4.5 stars and a strong contender for the Women's Prize.
Some quotes from the recurrent motifs:
Art (and the narrator's mother who can at times be strangely absent):
The fabrics were hanging in a long room, such that you could look at all of them at once or each on its own. Some were small but some were so large that their tails draped and ran over the floor like frozen water and it was impossible to imagine them being worn or hanging in any room but this one. Their patterns were at once primitive and graceful, and as beautiful as the garments in a folktale. Looking at the translucency of the overlapping dyes reminded me of looking upwards through a canopy of leaves. They reminded me of the seasons and, in their bare, visible threads, of something lovely and honest that had now been forgotten, a thing we could only look at but no longer live. I felt at the same time mesmerised by their beauty and saddened at this vague thought.
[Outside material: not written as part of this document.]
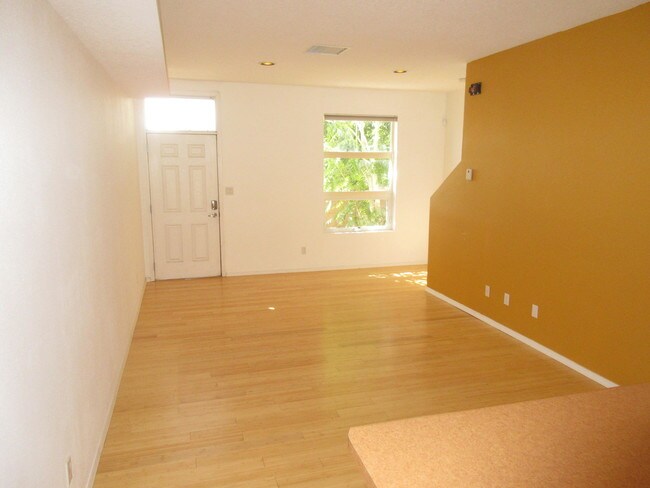 Foto del edificio - 702 Broadway Blvd SE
I walked across the pieces many times and waited in the room for my mother. When she did not appear I went and explored the rest of the house alone and, in the end, found her waiting for me outside, sitting on the stone bench next to the stand where I had clipped our umbrellas.
East Asian porcelain, and the West:
By then, I had also learned about the history of the blue and white porcelain, which had existed in some form or another in both the lecturer’s house and mine. I had been flipping through a book on East Asian art at someone’s house, a friend of a friend, whom I did not know well, when I had come across an image of two vases that were also blue and white. Everyone else was talking in the kitchen, but I had stopped turning the pages and bent over the image. I recognised the pattern immediately, only there was a clear difference with these vases: the shapes were somehow finer, with smooth shoulders and elegant lines, the white milkier, and the blue lighter and faded, as if applied with a brush. I read there about how the porcelain had been made for hundreds of years in China, and how it was traded not only as far as Europe, but also the Middle East, appearing in the paintings of Rembrandt van Rijn, or as tablets inscribed with verses from the Qur’an. I read about how, for a long time, porcelain was much prized, in part because the secret to its composition was still a mystery. The wares were exported to Europe and some came to feature Dutch houses or Christian iconography alongside lotus petals and traditional ruyi borders. These, made specially to order, were named Chine de commande. Later, the secret to porcelain-making was discovered in Germany, and England, and Chinese porcelain became less singular and less needed.
Understated dress:
It had been a beautiful restaurant, once famous in fact, and though dated, it still retained some of this aura, with dim, carefully lit rooms and dark polished floors. Inside, everything was done with a certain formality, a certain sense of weight and precision, as if to create a floating world. Our uniforms were black aprons and black shoes, and ivory-coloured shirts with cloth buttons and a small mandarin collar, just enough to give a vague sense of what was once referred to as the Far East. We had been instructed to wear light make-up every night, and to wear our hair up, which I did, carefully and precisely, before each shift. The other waitresses were all women in their early twenties and thirties, and at the time they had seemed to me to be impossibly and uniquely adult. I remember that it was expected that we would work hard, and that we would take the reputation of the restaurant seriously, as if its fame could be sustained a little while longer, if only we all believed in it, like a religion, or a faith.